TASK DESCRIPTION: Give an exact copy of the line that has "Opel Vectra 1989" and of every line below it, through the last, with nothing else.

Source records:
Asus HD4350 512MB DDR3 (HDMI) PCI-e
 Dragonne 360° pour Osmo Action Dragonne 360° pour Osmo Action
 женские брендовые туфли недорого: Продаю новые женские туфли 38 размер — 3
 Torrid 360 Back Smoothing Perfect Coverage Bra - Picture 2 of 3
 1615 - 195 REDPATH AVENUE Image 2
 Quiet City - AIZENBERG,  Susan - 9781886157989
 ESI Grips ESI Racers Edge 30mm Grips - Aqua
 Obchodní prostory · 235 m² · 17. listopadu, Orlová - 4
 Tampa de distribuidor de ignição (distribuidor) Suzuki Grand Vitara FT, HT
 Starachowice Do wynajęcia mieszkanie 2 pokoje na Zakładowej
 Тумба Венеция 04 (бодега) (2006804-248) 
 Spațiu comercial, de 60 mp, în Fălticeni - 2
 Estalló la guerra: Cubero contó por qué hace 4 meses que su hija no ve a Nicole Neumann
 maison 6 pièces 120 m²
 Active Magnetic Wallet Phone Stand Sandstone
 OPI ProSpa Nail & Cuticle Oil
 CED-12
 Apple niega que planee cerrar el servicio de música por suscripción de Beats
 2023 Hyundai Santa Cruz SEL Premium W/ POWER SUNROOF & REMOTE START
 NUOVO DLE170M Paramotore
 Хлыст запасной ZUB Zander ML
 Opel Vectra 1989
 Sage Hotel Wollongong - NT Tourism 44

YOUR RESPONSE:
 Opel Vectra 1989
 Sage Hotel Wollongong - NT Tourism 44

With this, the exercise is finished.